Wii broadway update

[darkblu]

With much higher code density and instruction decoding out of the critical path, much more sophisticated branch prediction & cache architecture & elaborate prefetching, a robust OOOE implementation and Integer ALUs at 4 and 4.8 GHz respectively, a single Xenon core would surpass it only on very,very biased workloads; but given a fair and representive set of real world problems and equally elaborate implementations on both architectures, the P4 would pull far ahead on average.

ditto. i don't see a similarly-clocked (as in 'within %100') in-order core beating an OOOe core in a general purpose scenario. for specialized cases - maybe, depening on what specialization that in-order core has.

 

[Guden Oden]

while the L1 is 256K 1st report or 128K second report.

That's pretty much impossible. No mass-market CPU in history has had a 256k L1, heck, even the athlon/opterons "only" have L1s of 32k each AFAIR, and it's known that a larger L1 leads to worse latencies than a smaller one. Admittedly, it's not as bad a problem at lower clock speeds though, but I really don't see the point of a 256k L1 and a half-meg L2; most of L2's just going to be a duplication of L1; very wasteful.

From what's been done on xbox 360 so far, I'd estimate each core to be about the performance of a 2ghz to 2.4ghz pentium 4

Ye gods!
That's a huge overestimation I'd say, a complete masturbatory fantasy from la-la land.
Yes on SOME workloads it might perform like that - and on a few, even better - but not on average!

WHAT currently available on xbox gives reason for such an optimistic interpretation of reality? Mind you, cross-platform games such as Quake 4 or Prey - which are at least somewhat comparable to what we run on PCs - do not run particulary smoothly on the 360.

though I'm also assuming current games are only single threaded.

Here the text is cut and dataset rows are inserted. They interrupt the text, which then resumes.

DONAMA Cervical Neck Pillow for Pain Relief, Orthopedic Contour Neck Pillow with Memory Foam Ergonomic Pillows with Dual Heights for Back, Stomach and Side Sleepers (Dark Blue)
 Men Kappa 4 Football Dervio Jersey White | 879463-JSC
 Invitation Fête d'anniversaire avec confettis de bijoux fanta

That is incorrect. Even such a simple, early release as Geometry Wars use all three cores.

Most people would probably consider that estimation on the low side though

Ehrm, they would? Seems to me you underestimate the throughput of a modern wide OoOE core, or seriously overestimate the throughput of a narrow IOE core like the 360s.

but it's way beyond what a sub 1ghz g3 should be capable of.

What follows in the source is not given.